10:21 AM EST on February 24, 2026

The NFL competition committee is back in the lab, tackling pressing league matters — like deciding which corner of the globe will host a football game next season or defining the legality of butt-pushing. You see it's experimental season in the NFL, where ideas are introduced and occasionally set on fire.

The last concept to combust was the “Dynamic Kickoff.” It’s hardly dynamic — unless you count collective misunderstanding — though it is supposedly safer. For the players on the field, that is. Not from judgement.

The latest point of emphasis is fixing the onside kick. As currently constructed, you’re more likely to get struck by lightning in a hot air balloon than recover one. The league hates plays with predictable outcomes — which is why the extra point was pushed back 13 yards. The onside kick, meanwhile, feels like it was designed during the Roosevelt administration--back when football was played on churned-up cattle pastures.  
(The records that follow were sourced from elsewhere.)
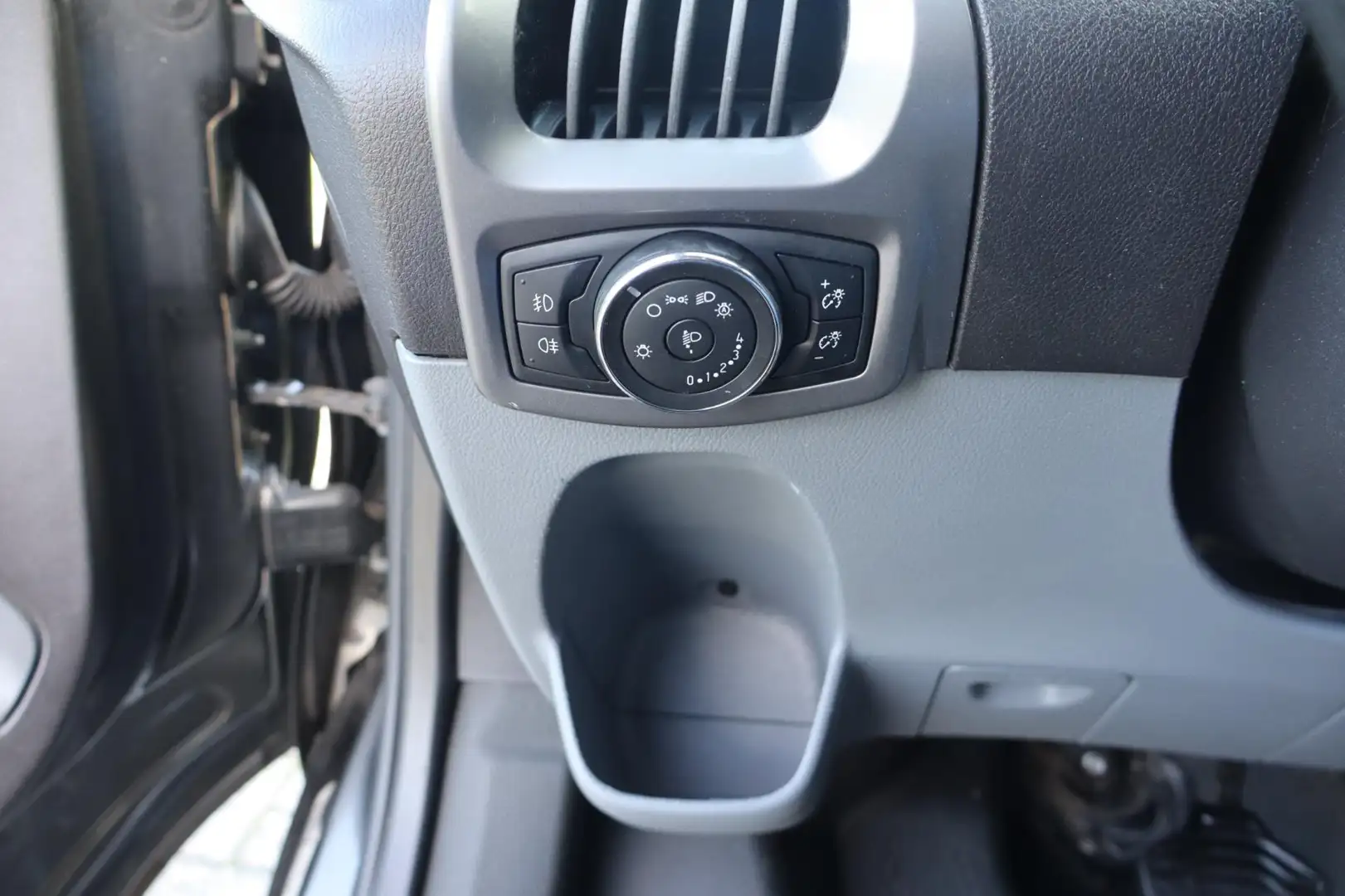 Ford Transit Custom 270 2.0 TDCI L1H1 Trend Automaat Gris - 2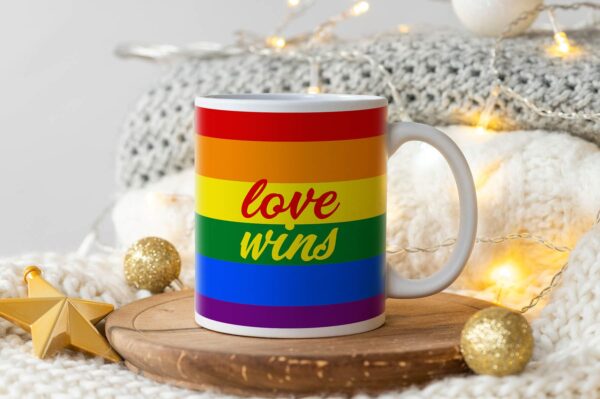 5 love wins pride flag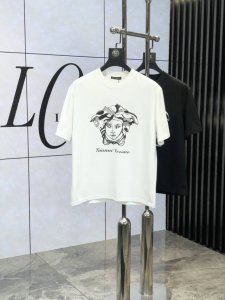 范思哲 2025春夏新品时尚圆领短袖高级定制百搭款式 更有实用感 任何人都可以轻松驾驭 采用欧棉纯棉面料制作 奢华经典品牌Logo设计 W非常显档次懂货的必须入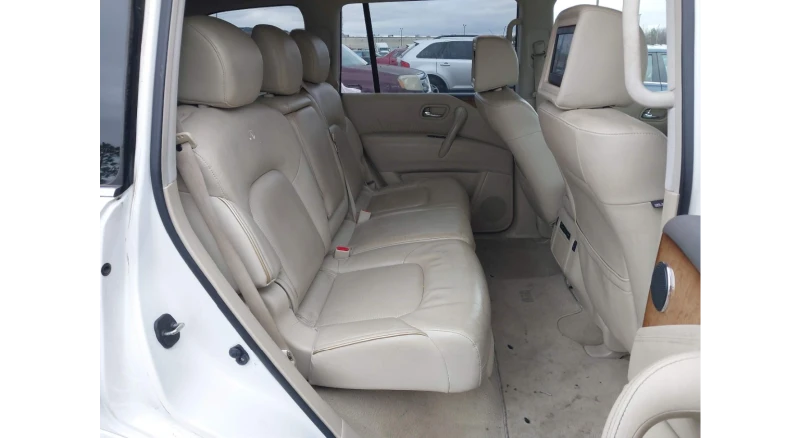 Infiniti QX80 AWD* V8* ОБДУХ* TV* ПОДГРЕВИ* KEYLESS, снимка 12 - Автомобили и джипове - 48693383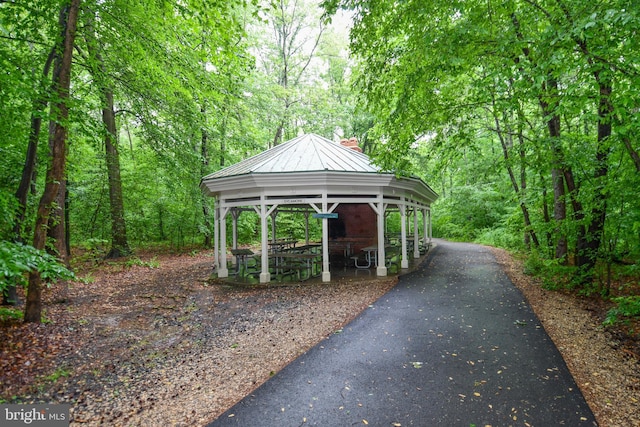 130 Great Lake Dr, Annapolis, MD 21403 - surrounding community featuring a gazebo, a forest view, and asphalt driveway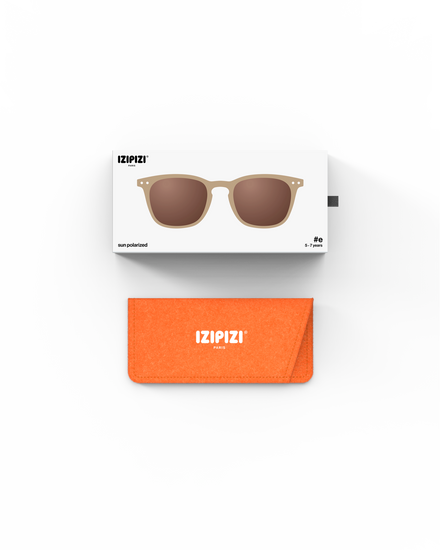 Izipizi Zonnebril 5-7Y #E in Macchiato met Soft Touch afwerking, uit het zomeraanbod van De Gele Flamingo.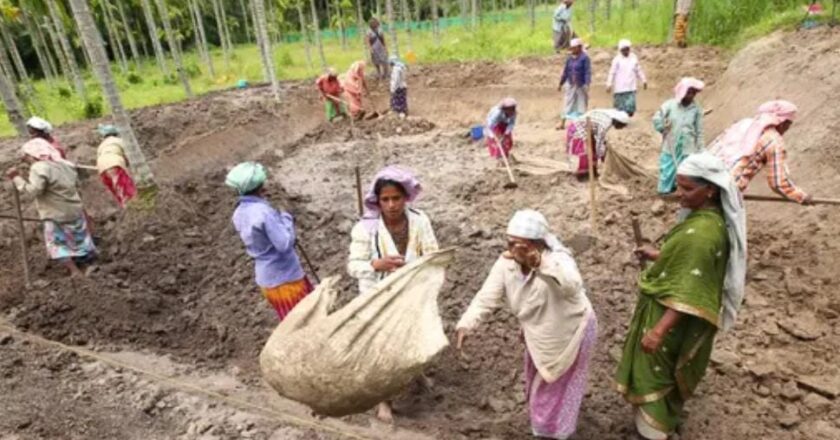 പുതിയ രൂപത്തിൽ MGNREGA: തൊഴിൽ ദിനങ്ങൾ 125 ആക്കുന്നു; പേര് മാറ്റാൻ ആലോചന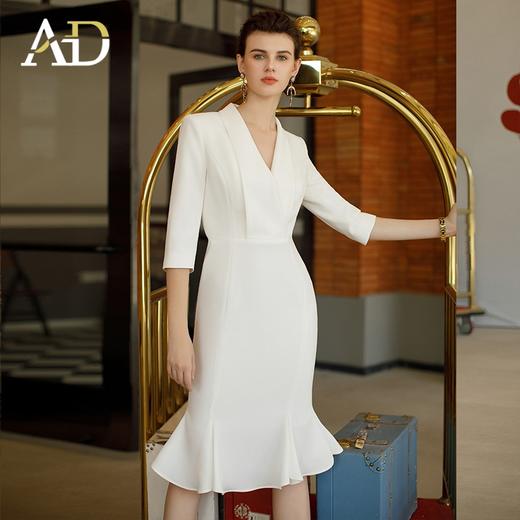 AD白色连衣裙女2024新款职业装气质女神范西装裙高端包臀鱼尾裙子 商品图1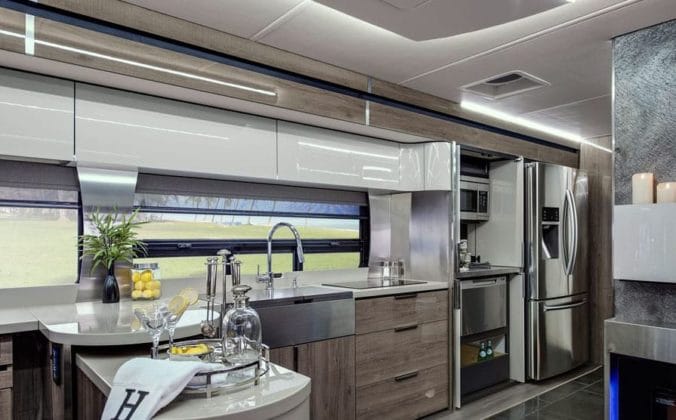 Cuando la autocaravana parece un piso de lujo | OVACEN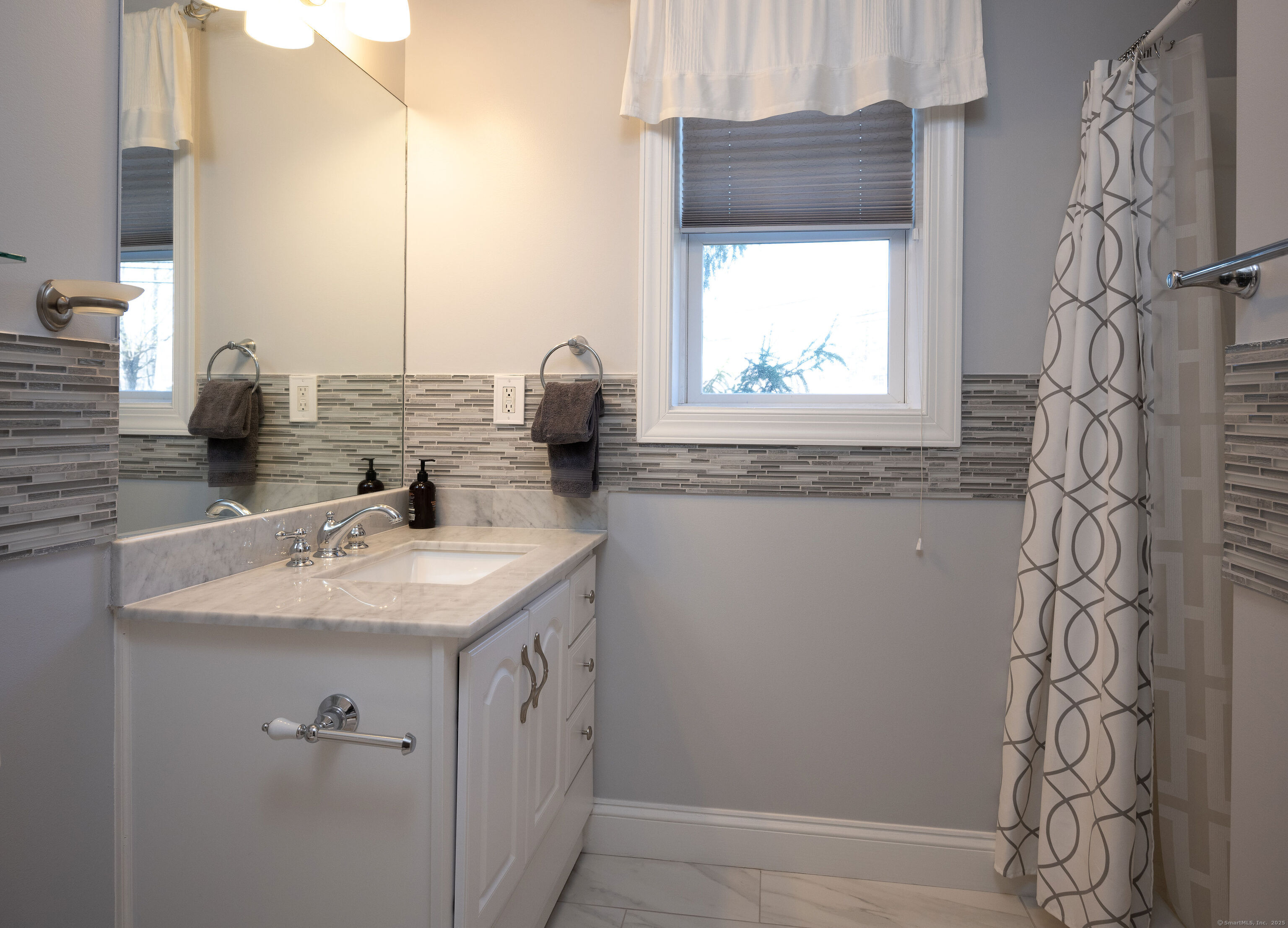 48 E Hayestown Road #APT 204, Danbury, Connecticut image 22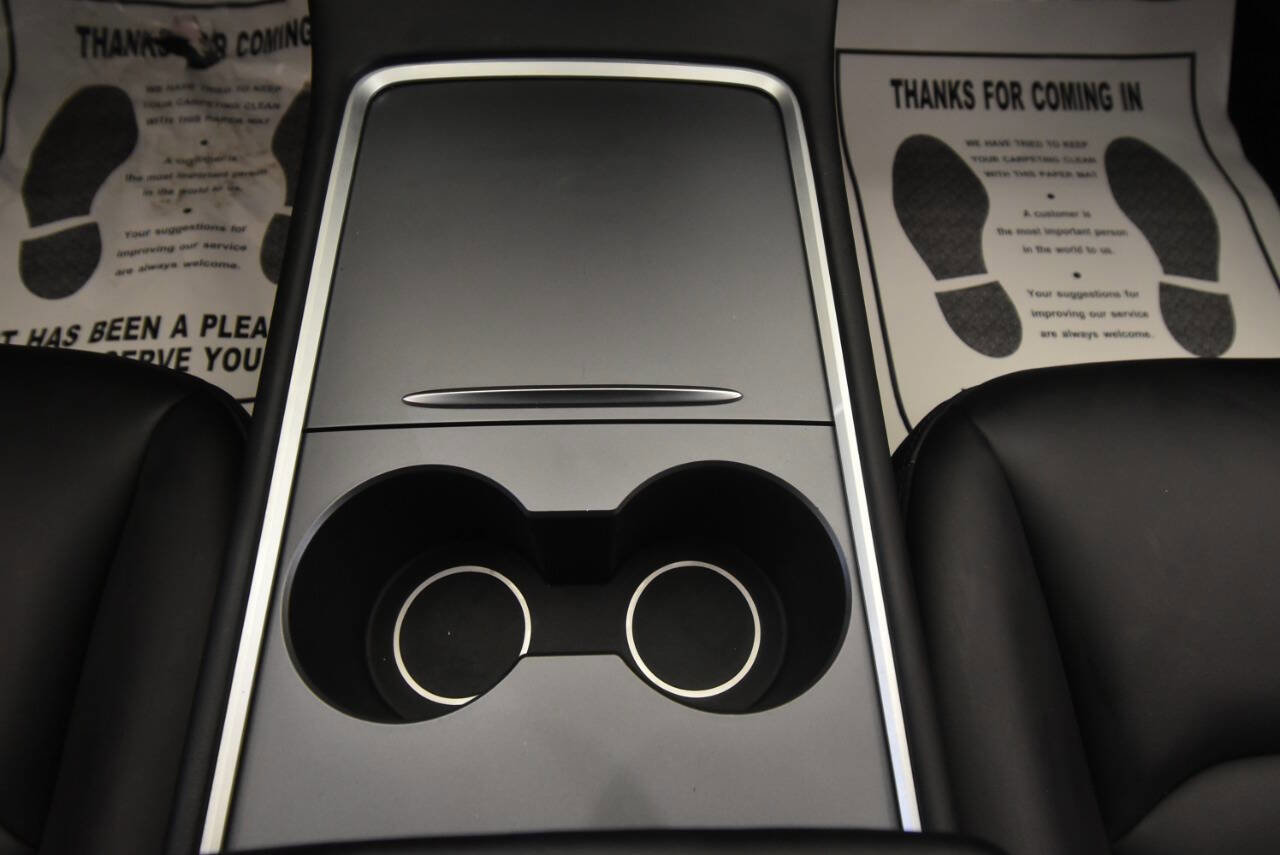 Used 2023 Tesla Model 3 Standard Range image 34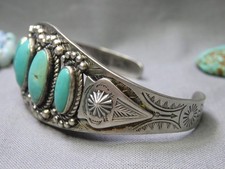 Fred Harvey Era NAVAJO Natural KINGMAN TURQUOISE Coin SILVER 30g Cuff Bracelet - Additional view 6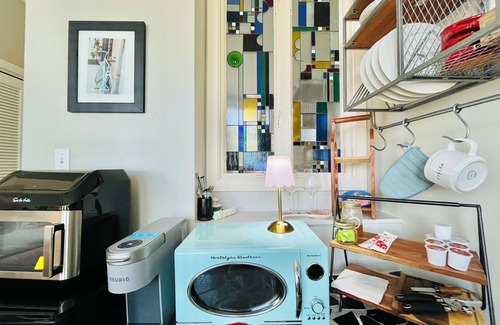 Wilmington Apartment | Perfect Work Retreat on Market St. Downtown ILM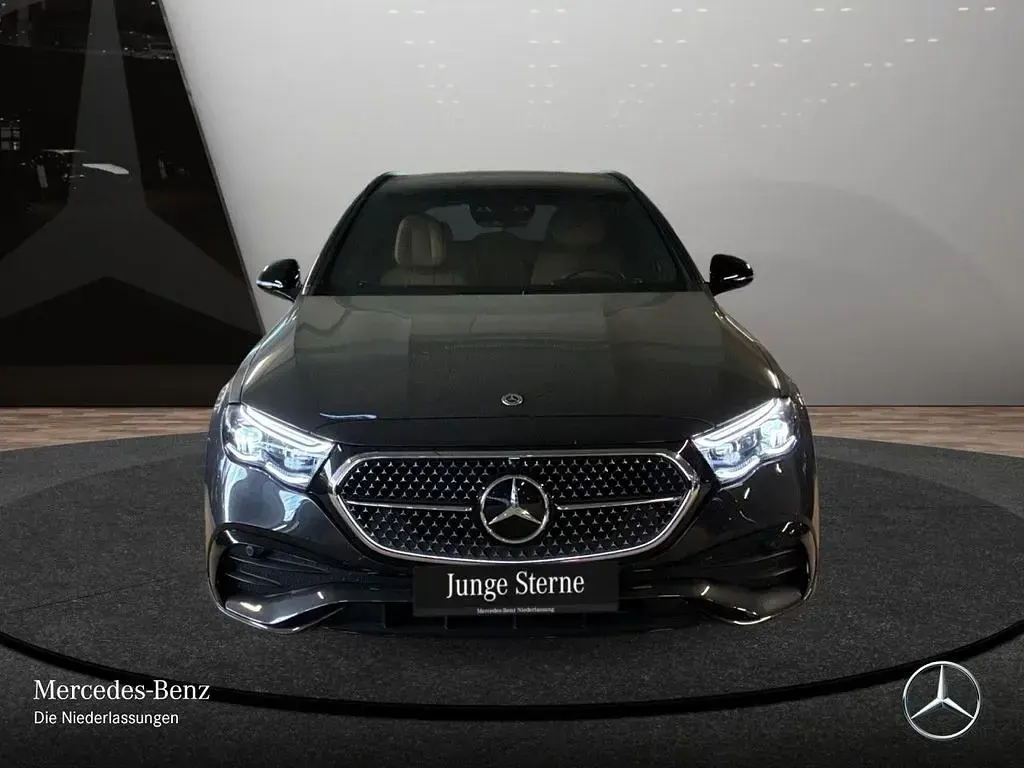 Occasion Mercedes E300 AMG 197 ch (144 kW) 2025 Gris Berline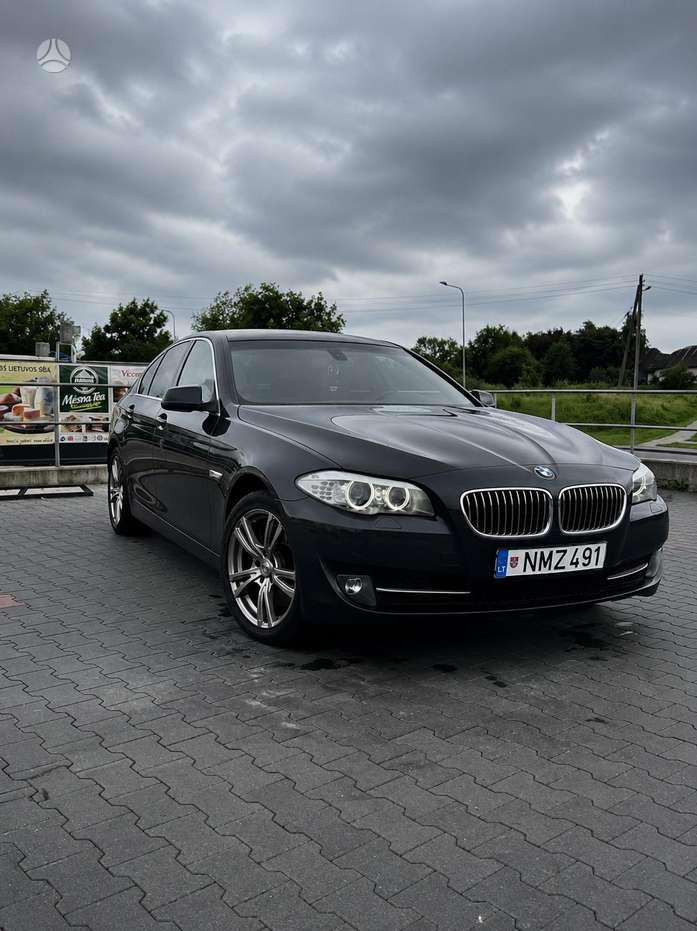 BMW 530, sedanas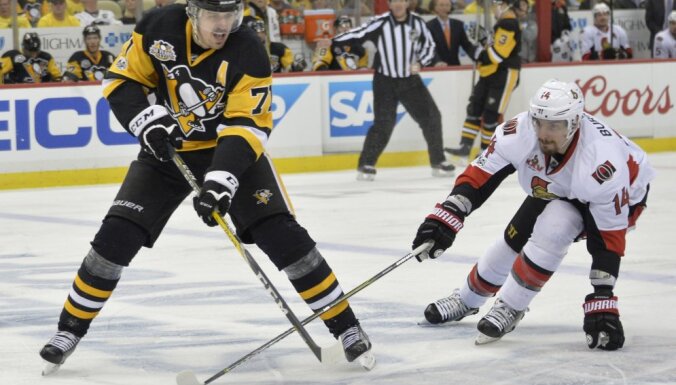 Ottawa Senators Alex Burrows vs Pittsburgh Penguins Evgeni Malkin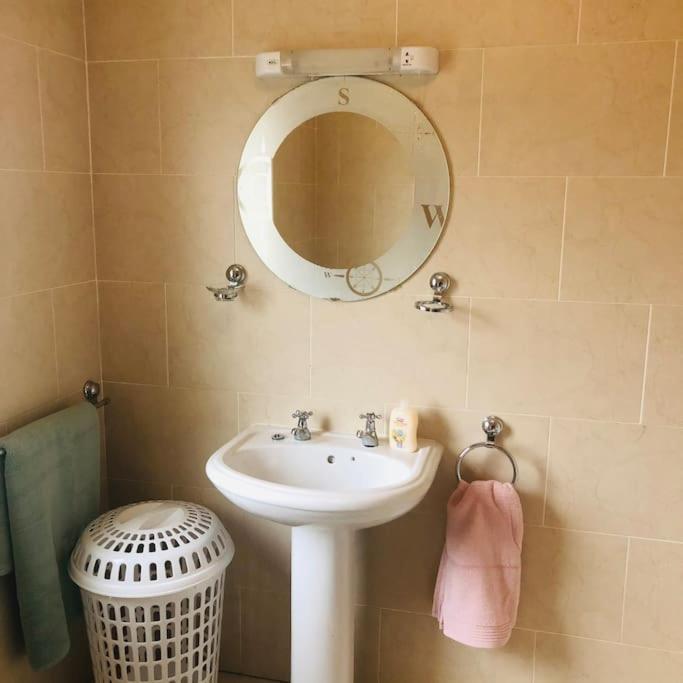 Townhouse Clifden: Located In The Heart Of Connemara Villa Eksteriør bilde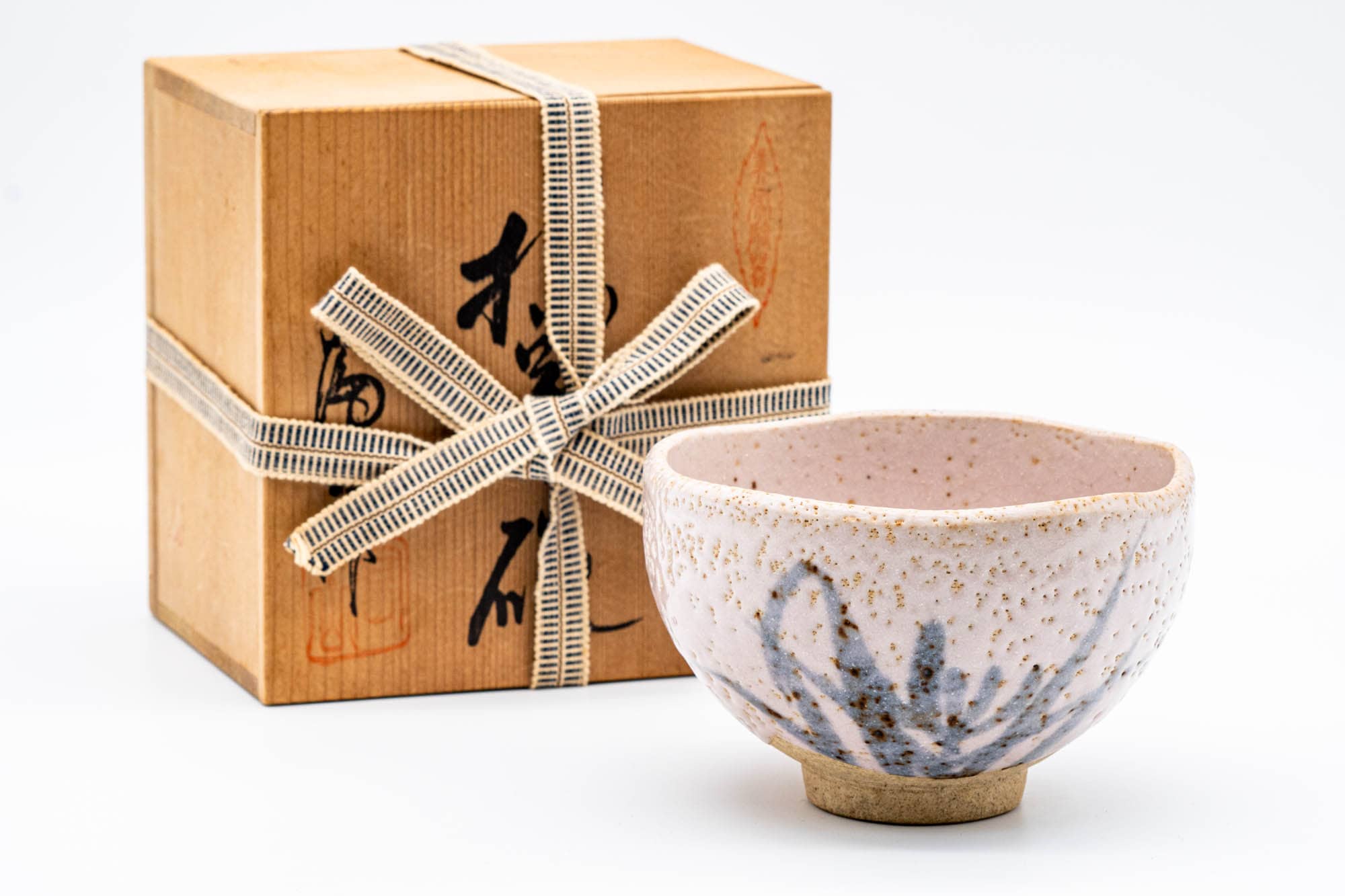 Japanese Matcha Bowl - Pink Shino Mino-yaki Chawan - 475ml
One proposal gaining traction originates from the Alliance of American Football — the now-defunct post–Super Bowl Spring football league: a single 4th-and-15 conversion to retain possession. The play is unconventional, and any rollout would likely be painful at first. But it would almost certainly fare better than the 92% failure rate the onside kick currently offers.

Any change will require 75% approval from the Yacht Club, so nothing is guaranteed. But even if the onside kick survives another year, there’s still a great chance the Jaguars end up hosting a home game in Iceland.